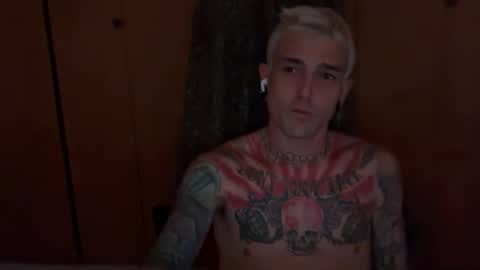 bryjybxxx online show from July 2026 06:44:02 AM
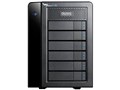 Pegasus2 R6 24TB���f�� HJDF2PA/A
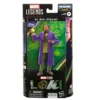 Marvel Legends Series He-Who-Remains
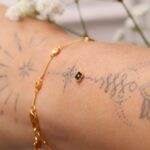 microdermal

* * *

▶ [YOUR INSTRUCTIONS]
The answer must be the full listing, word for word, with no images in it.

▶ [ANSWER FOR THE TASK]
 bryjybxxx online show from July 2026 06:44:02 AM
 Pegasus2 R6 24TB���f�� HJDF2PA/A
 Marvel Legends Series He-Who-Remains
 microdermal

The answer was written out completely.